[Exercise data]

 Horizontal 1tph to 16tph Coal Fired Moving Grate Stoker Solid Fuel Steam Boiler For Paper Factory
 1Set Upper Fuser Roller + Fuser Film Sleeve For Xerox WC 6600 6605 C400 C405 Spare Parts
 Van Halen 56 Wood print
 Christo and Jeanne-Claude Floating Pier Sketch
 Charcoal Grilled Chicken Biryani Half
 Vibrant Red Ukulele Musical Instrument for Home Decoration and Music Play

[/Exercise data]
[Exercise data]

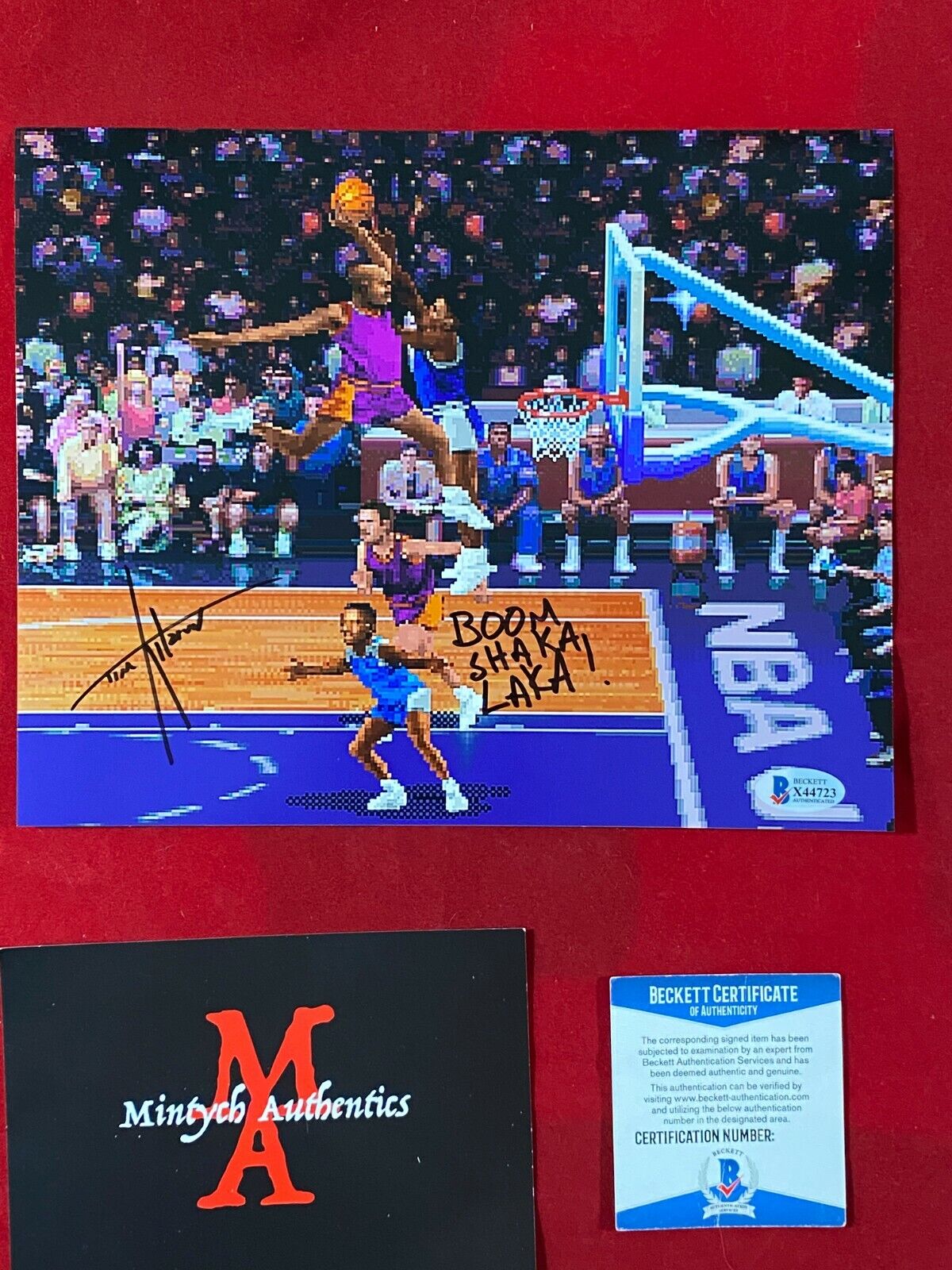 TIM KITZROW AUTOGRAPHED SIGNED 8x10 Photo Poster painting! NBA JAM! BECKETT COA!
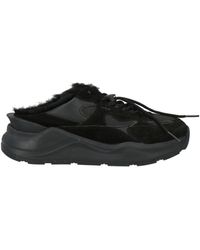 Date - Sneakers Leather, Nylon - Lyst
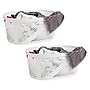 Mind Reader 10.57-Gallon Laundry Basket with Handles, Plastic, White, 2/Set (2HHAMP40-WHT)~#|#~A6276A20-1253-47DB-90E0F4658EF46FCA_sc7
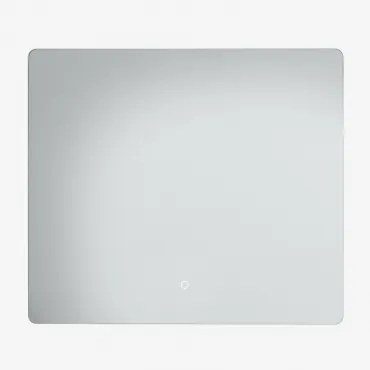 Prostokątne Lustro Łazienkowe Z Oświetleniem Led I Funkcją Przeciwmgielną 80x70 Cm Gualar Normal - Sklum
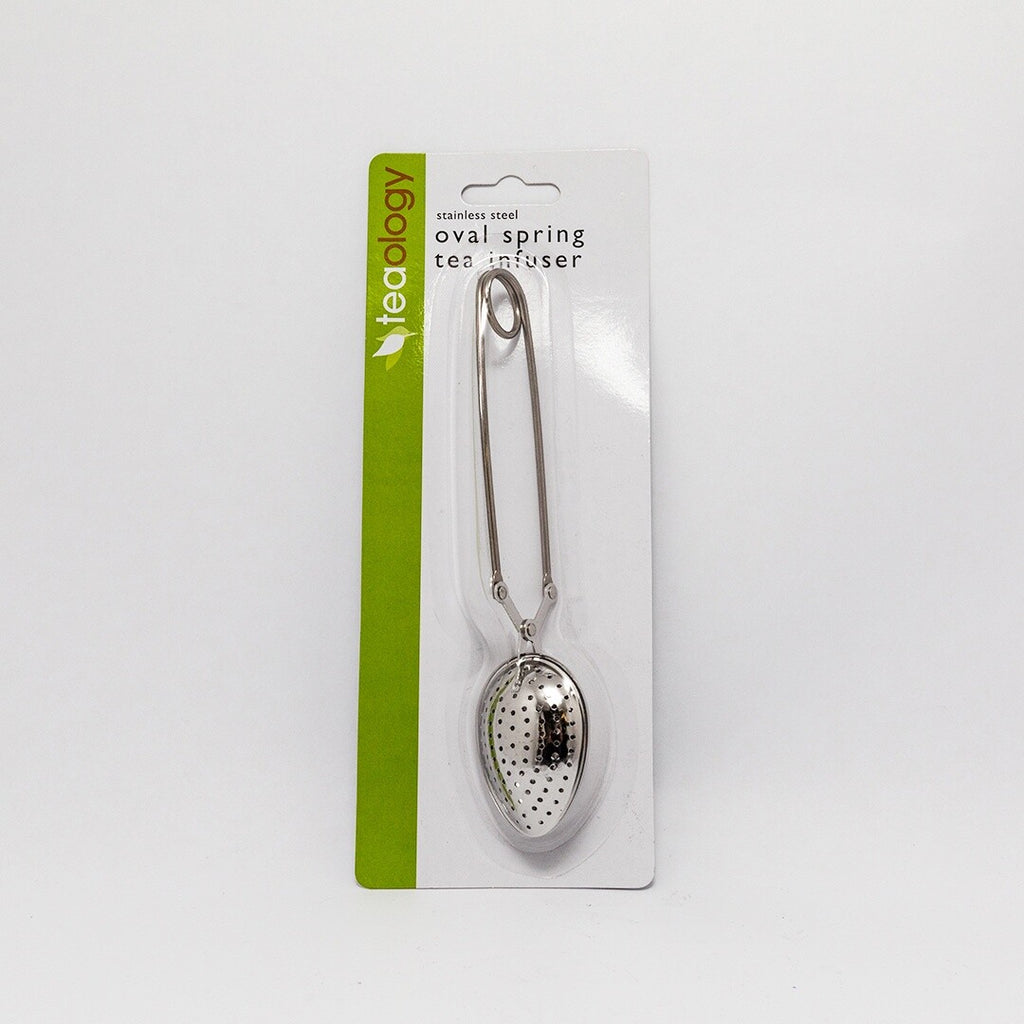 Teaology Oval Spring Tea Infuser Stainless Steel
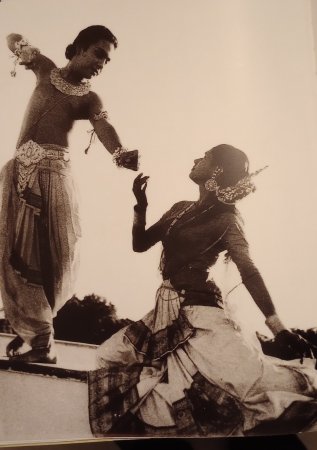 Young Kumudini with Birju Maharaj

[/Exercise data]

• [Task statement] Working from the records above, set down word for word everything from the line containing "Prostokątne Lustro Łazienkowe" down to the line containing "Young Kumudini with Birju Maharaj", ends included, minus the pictures.

• [Problem solution]
 Prostokątne Lustro Łazienkowe Z Oświetleniem Led I Funkcją Przeciwmgielną 80x70 Cm Gualar Normal - Sklum
 Teaology Oval Spring Tea Infuser Stainless Steel
 Young Kumudini with Birju Maharaj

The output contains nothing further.